---- Data provided
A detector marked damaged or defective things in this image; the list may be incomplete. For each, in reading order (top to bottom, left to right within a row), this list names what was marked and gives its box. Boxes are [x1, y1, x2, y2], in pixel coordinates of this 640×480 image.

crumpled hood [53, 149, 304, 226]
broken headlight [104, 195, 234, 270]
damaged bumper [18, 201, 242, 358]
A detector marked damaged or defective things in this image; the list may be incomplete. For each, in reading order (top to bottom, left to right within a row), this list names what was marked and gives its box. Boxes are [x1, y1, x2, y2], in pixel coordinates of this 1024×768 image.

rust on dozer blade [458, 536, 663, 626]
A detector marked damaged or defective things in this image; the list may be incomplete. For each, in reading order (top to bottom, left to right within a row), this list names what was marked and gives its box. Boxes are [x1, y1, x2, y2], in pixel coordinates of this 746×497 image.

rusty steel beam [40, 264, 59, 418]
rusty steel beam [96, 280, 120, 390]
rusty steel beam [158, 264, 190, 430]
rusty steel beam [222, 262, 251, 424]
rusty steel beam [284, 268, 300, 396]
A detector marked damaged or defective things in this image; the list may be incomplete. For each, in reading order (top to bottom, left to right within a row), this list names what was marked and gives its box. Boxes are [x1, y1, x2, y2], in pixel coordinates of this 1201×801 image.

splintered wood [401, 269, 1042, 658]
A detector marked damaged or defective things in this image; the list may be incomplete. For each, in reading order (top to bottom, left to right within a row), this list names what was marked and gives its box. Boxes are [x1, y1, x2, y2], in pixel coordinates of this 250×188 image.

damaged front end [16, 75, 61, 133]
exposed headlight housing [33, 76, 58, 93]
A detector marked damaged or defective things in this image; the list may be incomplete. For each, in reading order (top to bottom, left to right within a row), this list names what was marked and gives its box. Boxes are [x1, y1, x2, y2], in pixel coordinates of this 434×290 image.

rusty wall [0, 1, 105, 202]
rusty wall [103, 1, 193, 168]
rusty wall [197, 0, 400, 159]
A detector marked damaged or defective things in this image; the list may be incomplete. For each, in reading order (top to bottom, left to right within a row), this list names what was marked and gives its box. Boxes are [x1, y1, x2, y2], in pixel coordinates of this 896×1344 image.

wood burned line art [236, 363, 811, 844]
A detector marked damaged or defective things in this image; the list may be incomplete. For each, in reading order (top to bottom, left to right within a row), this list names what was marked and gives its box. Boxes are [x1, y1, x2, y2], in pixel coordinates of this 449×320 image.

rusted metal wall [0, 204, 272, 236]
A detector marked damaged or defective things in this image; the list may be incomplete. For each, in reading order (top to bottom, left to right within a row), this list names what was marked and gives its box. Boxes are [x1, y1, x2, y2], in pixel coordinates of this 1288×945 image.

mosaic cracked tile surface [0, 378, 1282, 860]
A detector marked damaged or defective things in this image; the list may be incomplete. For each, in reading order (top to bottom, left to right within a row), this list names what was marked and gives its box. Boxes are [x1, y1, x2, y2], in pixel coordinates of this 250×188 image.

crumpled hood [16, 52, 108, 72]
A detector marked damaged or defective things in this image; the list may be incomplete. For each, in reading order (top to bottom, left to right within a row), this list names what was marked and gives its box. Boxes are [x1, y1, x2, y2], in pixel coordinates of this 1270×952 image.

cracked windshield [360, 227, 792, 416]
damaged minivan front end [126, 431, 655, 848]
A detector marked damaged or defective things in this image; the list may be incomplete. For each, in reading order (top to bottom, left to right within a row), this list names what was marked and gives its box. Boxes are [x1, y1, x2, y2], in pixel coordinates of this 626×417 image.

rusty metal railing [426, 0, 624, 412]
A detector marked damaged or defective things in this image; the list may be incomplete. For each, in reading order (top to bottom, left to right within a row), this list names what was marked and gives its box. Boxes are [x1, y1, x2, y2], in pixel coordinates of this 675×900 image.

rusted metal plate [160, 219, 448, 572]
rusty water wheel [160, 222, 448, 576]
--------
The required result is an identical copy of the records above.

Task result
A detector marked damaged or defective things in this image; the list may be incomplete. For each, in reading order (top to bottom, left to right within a row), this list names what was marked and gives its box. Boxes are [x1, y1, x2, y2], in pixel coordinates of this 640×480 image.

crumpled hood [53, 149, 304, 226]
broken headlight [104, 195, 234, 270]
damaged bumper [18, 201, 242, 358]
A detector marked damaged or defective things in this image; the list may be incomplete. For each, in reading order (top to bottom, left to right within a row), this list names what was marked and gives its box. Boxes are [x1, y1, x2, y2], in pixel coordinates of this 1024×768 image.

rust on dozer blade [458, 536, 663, 626]
A detector marked damaged or defective things in this image; the list may be incomplete. For each, in reading order (top to bottom, left to right within a row), this list names what was marked and gives its box. Boxes are [x1, y1, x2, y2], in pixel coordinates of this 746×497 image.

rusty steel beam [40, 264, 59, 418]
rusty steel beam [96, 280, 120, 390]
rusty steel beam [158, 264, 190, 430]
rusty steel beam [222, 262, 251, 424]
rusty steel beam [284, 268, 300, 396]
A detector marked damaged or defective things in this image; the list may be incomplete. For each, in reading order (top to bottom, left to right within a row), this list names what was marked and gives its box. Boxes are [x1, y1, x2, y2], in pixel coordinates of this 1201×801 image.

splintered wood [401, 269, 1042, 658]
A detector marked damaged or defective things in this image; the list may be incomplete. For each, in reading order (top to bottom, left to right within a row), this list names what was marked and gives its box. Boxes are [x1, y1, x2, y2], in pixel coordinates of this 250×188 image.

damaged front end [16, 75, 61, 133]
exposed headlight housing [33, 76, 58, 93]
A detector marked damaged or defective things in this image; the list may be incomplete. For each, in reading order (top to bottom, left to right within a row), this list names what was marked and gives its box. Boxes are [x1, y1, x2, y2], in pixel coordinates of this 434×290 image.

rusty wall [0, 1, 105, 202]
rusty wall [103, 1, 193, 168]
rusty wall [197, 0, 400, 159]
A detector marked damaged or defective things in this image; the list may be incomplete. For each, in reading order (top to bottom, left to right within a row), this list names what was marked and gives its box. Boxes are [x1, y1, x2, y2], in pixel coordinates of this 896×1344 image.

wood burned line art [236, 363, 811, 844]
A detector marked damaged or defective things in this image; the list may be incomplete. For each, in reading order (top to bottom, left to right within a row), this list names what was marked and gives its box. Boxes are [x1, y1, x2, y2], in pixel coordinates of this 449×320 image.

rusted metal wall [0, 204, 272, 236]
A detector marked damaged or defective things in this image; the list may be incomplete. For each, in reading order (top to bottom, left to right within a row), this list names what was marked and gives its box. Boxes are [x1, y1, x2, y2], in pixel coordinates of this 1288×945 image.

mosaic cracked tile surface [0, 378, 1282, 860]
A detector marked damaged or defective things in this image; the list may be incomplete. For each, in reading order (top to bottom, left to right within a row), this list names what was marked and gives its box. Boxes are [x1, y1, x2, y2], in pixel coordinates of this 250×188 image.

crumpled hood [16, 52, 108, 72]
A detector marked damaged or defective things in this image; the list may be incomplete. For each, in reading order (top to bottom, left to right within a row), this list names what was marked and gives its box. Boxes are [x1, y1, x2, y2], in pixel coordinates of this 1270×952 image.

cracked windshield [360, 227, 792, 416]
damaged minivan front end [126, 431, 655, 848]
A detector marked damaged or defective things in this image; the list may be incomplete. For each, in reading order (top to bottom, left to right within a row), this list names what was marked and gives its box. Boxes are [x1, y1, x2, y2], in pixel coordinates of this 626×417 image.

rusty metal railing [426, 0, 624, 412]
A detector marked damaged or defective things in this image; the list may be incomplete. For each, in reading order (top to bottom, left to right within a row), this list names what was marked and gives its box. Boxes are [x1, y1, x2, y2], in pixel coordinates of this 675×900 image.

rusted metal plate [160, 219, 448, 572]
rusty water wheel [160, 222, 448, 576]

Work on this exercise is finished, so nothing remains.